Apart from the pictures, every line below is to be set down exactly.

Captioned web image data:
------

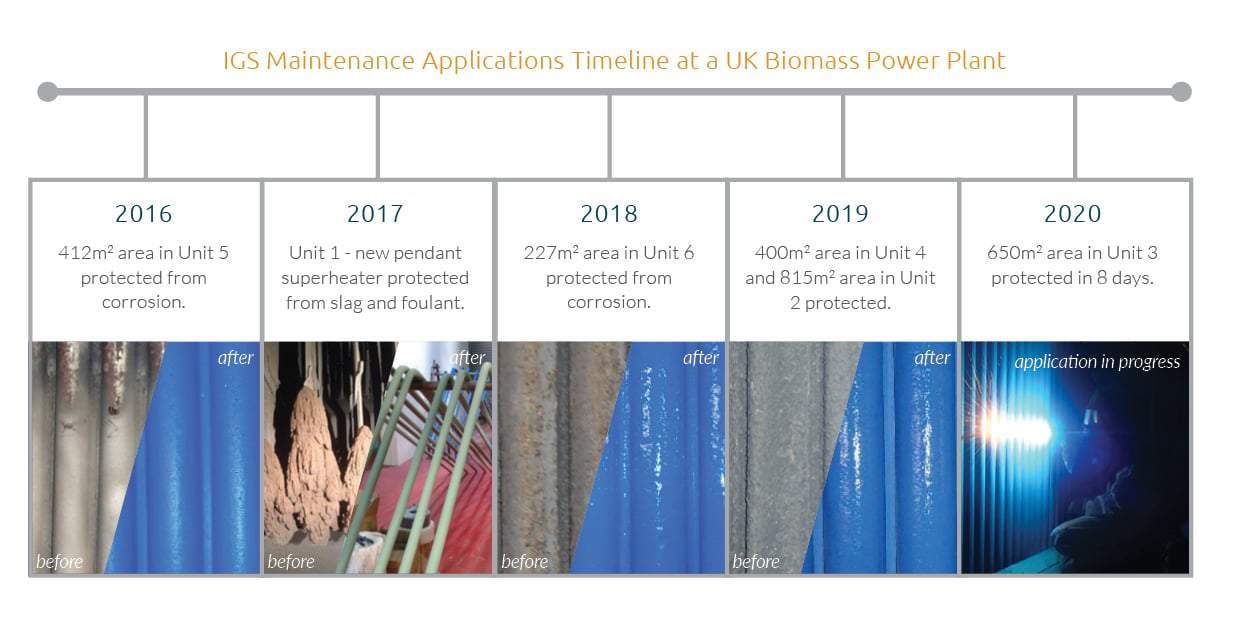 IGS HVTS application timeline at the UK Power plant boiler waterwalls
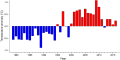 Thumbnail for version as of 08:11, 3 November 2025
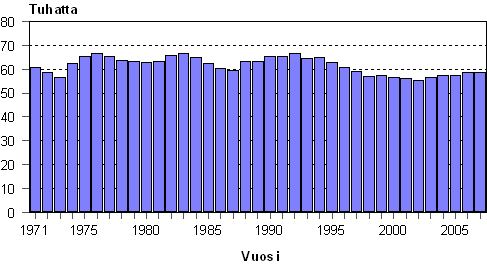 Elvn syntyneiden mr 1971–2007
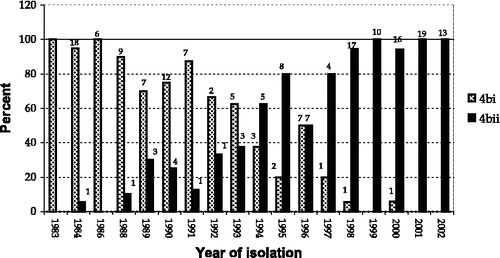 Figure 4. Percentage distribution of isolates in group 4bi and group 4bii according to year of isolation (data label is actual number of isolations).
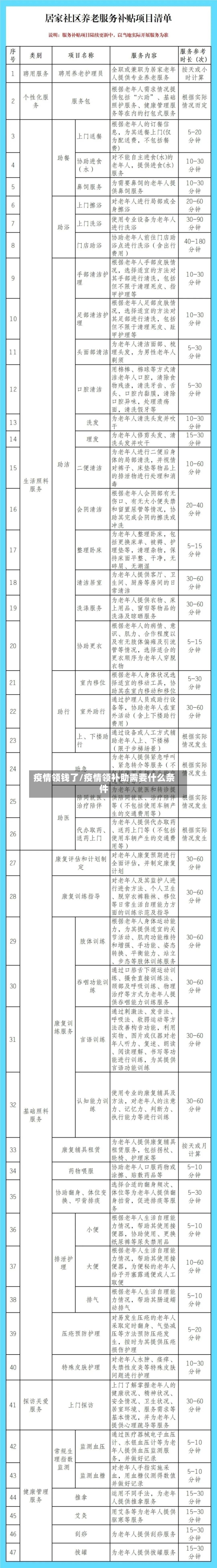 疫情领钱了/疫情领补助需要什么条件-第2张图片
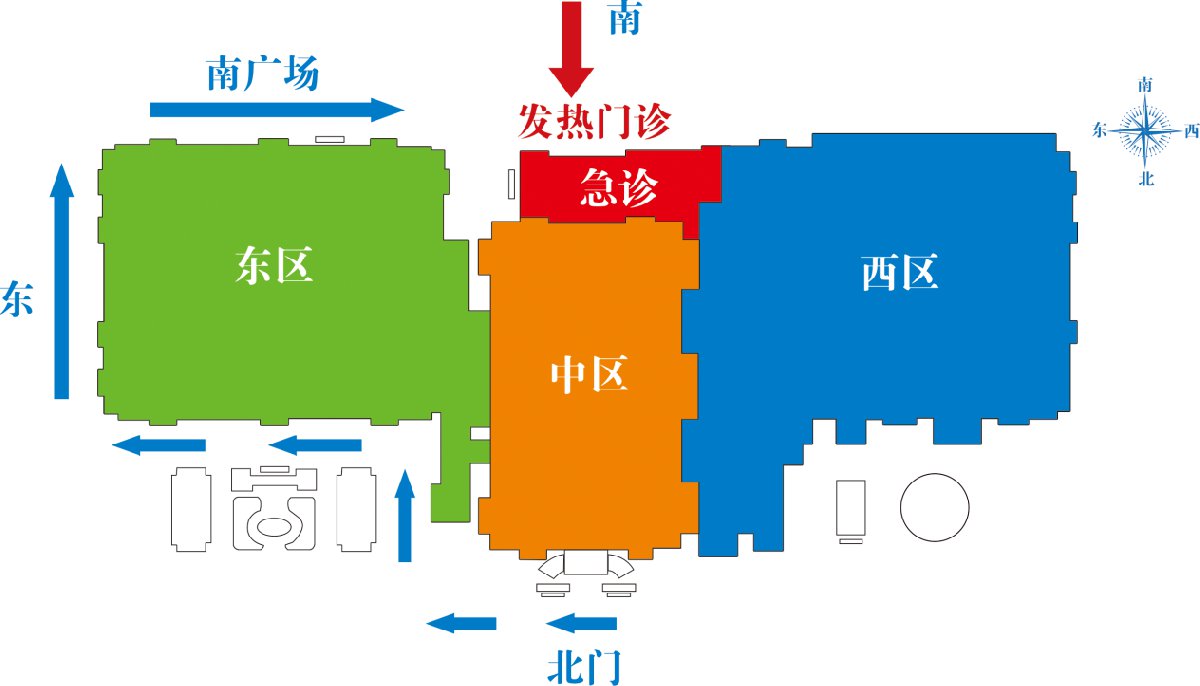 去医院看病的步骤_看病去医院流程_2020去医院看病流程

------

__Task solution__
 IGS HVTS application timeline at the UK Power plant boiler waterwalls
 Thumbnail for version as of 08:11, 3 November 2025
 Elvn syntyneiden mr 1971–2007
 Figure 4. Percentage distribution of isolates in group 4bi and group 4bii according to year of isolation (data label is actual number of isolations).
 疫情领钱了/疫情领补助需要什么条件-第2张图片
 去医院看病的步骤_看病去医院流程_2020去医院看病流程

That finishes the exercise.